* Problem requirements: In this exercise, print only the lines of the records below from the one with "Pulvo.EU's Avatar'" through the one with "Image Result For", inclusive. Pictures are not part of the copy.

* Records provided:
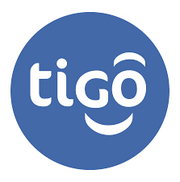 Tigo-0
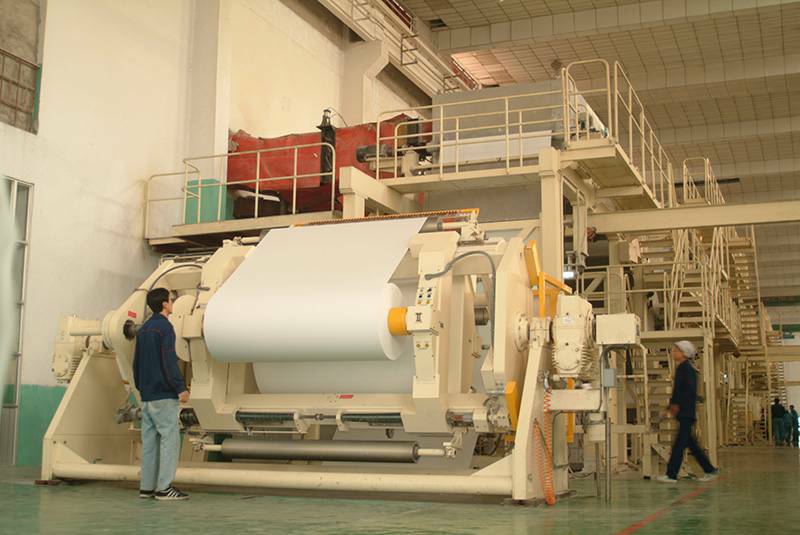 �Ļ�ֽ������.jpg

* * *

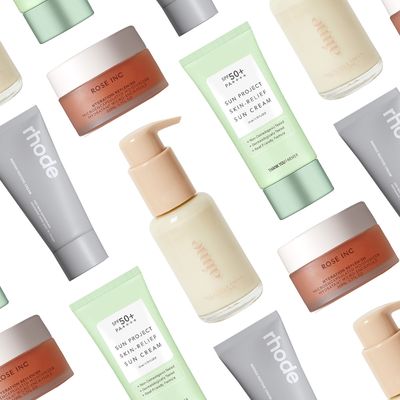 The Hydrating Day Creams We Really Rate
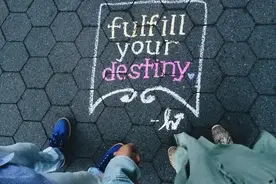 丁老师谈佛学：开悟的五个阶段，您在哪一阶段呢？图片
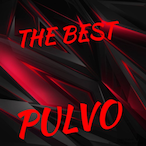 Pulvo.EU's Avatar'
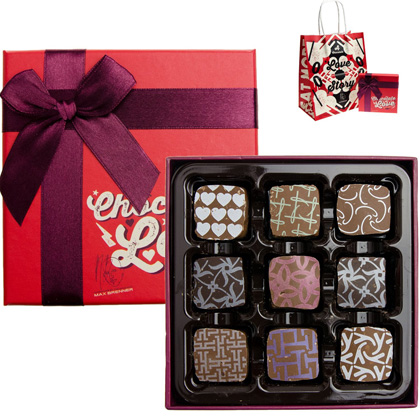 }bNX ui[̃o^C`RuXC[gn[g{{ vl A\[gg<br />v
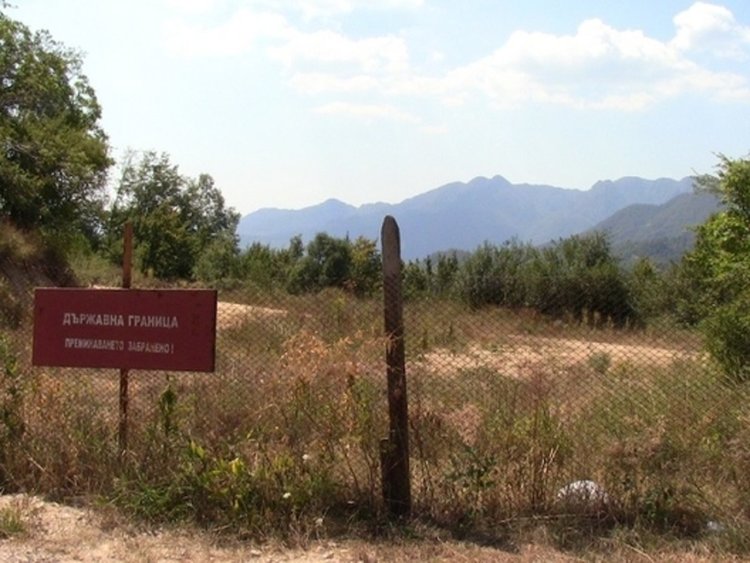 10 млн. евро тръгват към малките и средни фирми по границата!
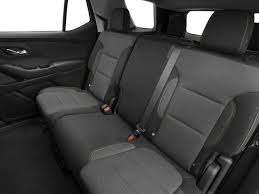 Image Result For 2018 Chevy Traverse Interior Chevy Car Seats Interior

* Response to the exercise:
 Pulvo.EU's Avatar'
 }bNX ui[̃o^C`RuXC[gn[g{{ vl A\[gg<br />v
 10 млн. евро тръгват към малките и средни фирми по границата!
 Image Result For 2018 Chevy Traverse Interior Chevy Car Seats Interior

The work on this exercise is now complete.